Enhancements in Firefox 🦊
Firefox 78 includes a new RegExp evaluator, to meet ECMAScript 2018. It also brings enhanced support for WebAssembly.
Rusty News
A discussion on Linux kernel in-tree Rust support 🦀
In our previous newsletter, we covered the possibility for the Linux Kernel to adopt and support Rust. Since then, an email thread among the Linux core developers shed lights on how Rust could be supported. According to the summary from crabbytag on Reddit:
Nick Desaulniers asks "should we do this?" or "how might we place limits on where this can be used?"
Most people including Greg Koah-Hartmann are interested in attending the discussion
Josh Triplett, rustc developer - I'd be happy to have the Linux kernel feeding into Rust language development priorities. If building Rustic interfaces within the kernel requires some additional language features, we should see what enhancements to the language would best serve those requirements.
Linus Torvalds - I don't want us to be in the situation where any new rust support isn't even build-tested by default.
This email thread has attracted tons of discussions in the Linux and Rust community.
Writing a winning 4K intro in Rust 🌅
A 4k intro is to write an entire scene of a video simulation (including data) in 4096 bytes or less. The intro is written in a combination of Rust and glsl. Glsl is used for rendering a UI on-screen, while Rust does everything else, including world creation, camera and object control, creating instruments and playing music, etc. Check out the demo video!
Microsoft and Facebook released projects written in Rust 🚀
Microsoft releases project Freta, a cloud-scale security vulnerability scanning tool. It is written in Rust!

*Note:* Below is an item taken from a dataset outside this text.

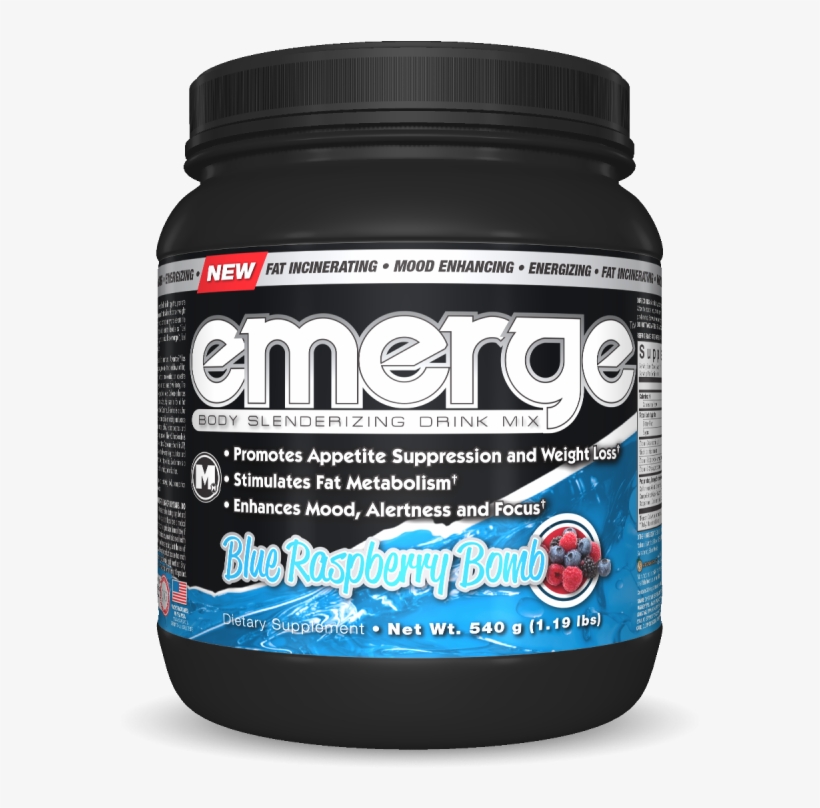 Emerge Blue Raspberry Bomb - Bodybuilding Supplement, transparent png download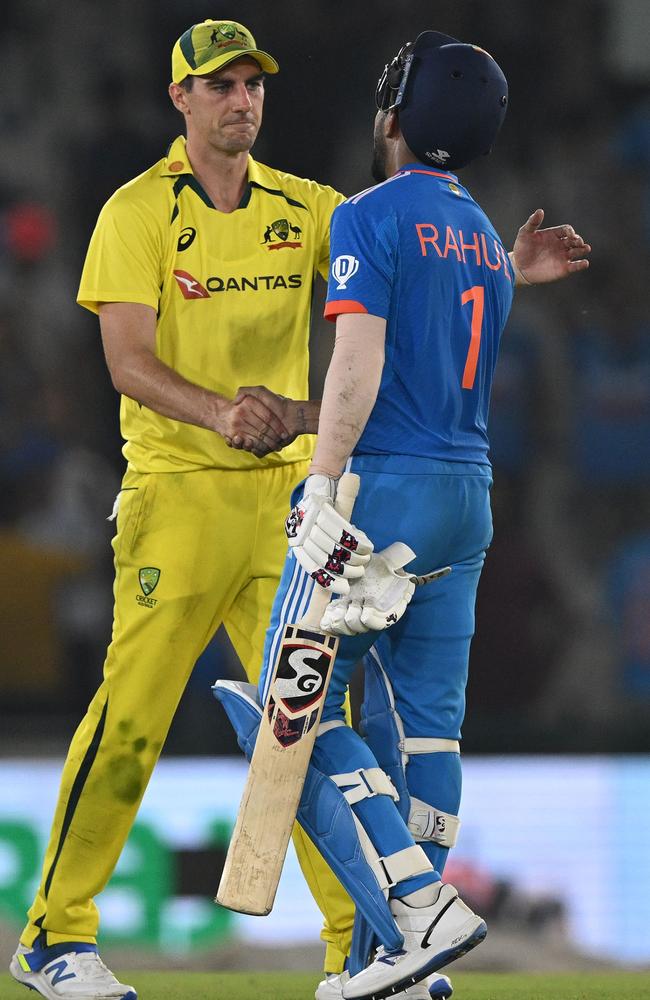 Pat Cummins’ return was a bright spot in Australia’s loss to India in Mohali. Picture: ARUN SANKAR / AFP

Facebook releases an internal project which builds a web-based bookmarking tool using Rust.
Moving from TypeScript to Rust/WebAssembly 😎
The Boardgame Lab team decided to switch the engine of Boardgame Lab from TypeScript to Rust. Their rationales are:
WebAssembly is faster than JavaScript and TypeScript
The Rust server is leaner. Rust uses less memory than Node.js under the same load.
Growing Gold with Rust 👀
Flake Growth, written in Rust, is a tool for simulating the growth of single-crystalline gold flakes from an initial single atom up to the micrometer scale (i.e. billions of atoms).
It also has a WebAssembly version compiled from Rust, which runs in the browser.
Serverless world
Serverless Days 2020 Looks at Future of Serverless Architecture 👁
This InfoQ article covers a recent Serverless Day event. Serverless computing is growing from a “glue” for other cloud services into a full-stack application service in its own right, hence, the rise of the serverless architect.